By James Maher
Name: Kate
Occupation: Arts Administrator
Location: Tompkins Square Park
Date: 4 p.m. on June 18.
I was born and raised in Chicago but I came here when I was 20, and I’ve been here ever since. Chicago is a beautiful city but it just was provincial, so it was either here or LA. I had also passed through here before. I was here for a week and I stayed at the YWCA on 38th Street and met a Broadway actor. I just had a wonderful time.
I was an arts administrator and I worked in the visual and performing arts. I started out in the public school system. There was a federal program called CETA, because of high unemployment, to provide work for artists. I got that for two years working for something called Womens Inter Arts Center. From there I did film production, then went back to video, and then for 21 years I worked for an organization that brought the arts to people with disabilities. I did film and video for social change for the most part but then sometimes I’d be involved with video artists.
In the 1960s, I lived on the Upper East Side, and in the 1970s I lived on the Upper West Side. I had a three-bedroom rent-controlled apartment on Riverside Drive. But with the lifting of rent control, even though my apartment was still rent controlled, the neighborhood changed. The neighborhood used to be in some way like this — a neighborhood. Big apartments, people stayed forever, raised families. That’s exactly why I moved here.

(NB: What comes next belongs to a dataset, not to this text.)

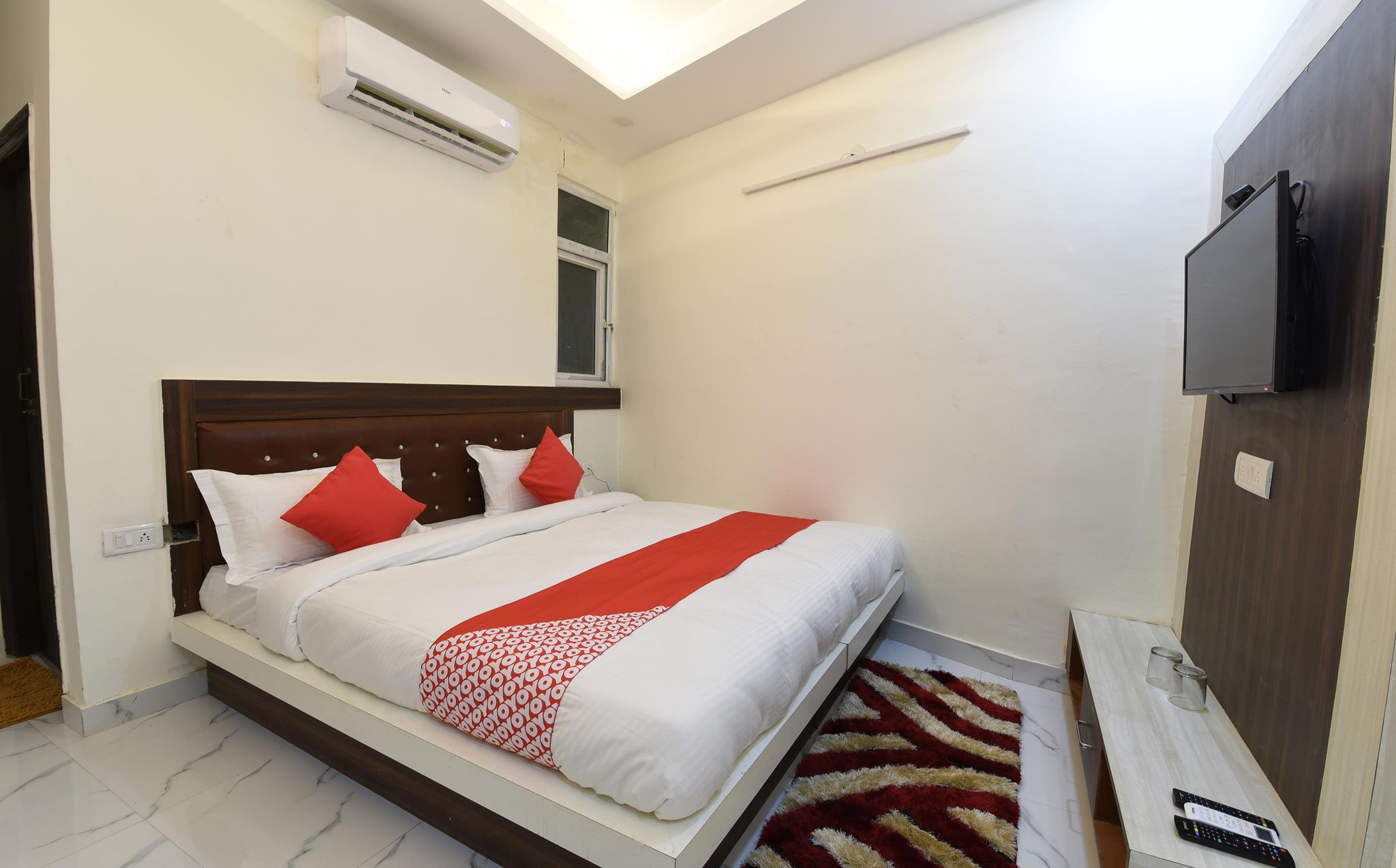 undefined OYO 19134 The Signature Hotel 4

I moved to this neighborhood in 1979. The Upper West Side had changed. I also had a boyfriend living with me, and the landlord told me I had to pay for a roommate. I said I don’t even want to live here anymore. So I got a lawyer and the landlord bought me out. He made it back in about 2 months, you know. It was an ugly apartment. He said you’ve got nine months to find a place.
I was spending all my life downtown and on the subway. My friends were living her. I worked in the West Village, and this is where everything was happening. So I just got up early every morning, since I didn’t have to be at work until 11, and I just walked these streets, talked to supers, rang doorbells. I started in January and I think I found my apartment in March.
I live next store to the library, top floor, rent stabilized since 1979. When I moved in we had a wonderful landlord. He was in an insurance brokerage and he just wanted to get out of the business, so he offered the building for $40,000 to the tenants. No one had a pot to piss in, so no one could even contemplate purchasing it. He sold it to the highest bidder.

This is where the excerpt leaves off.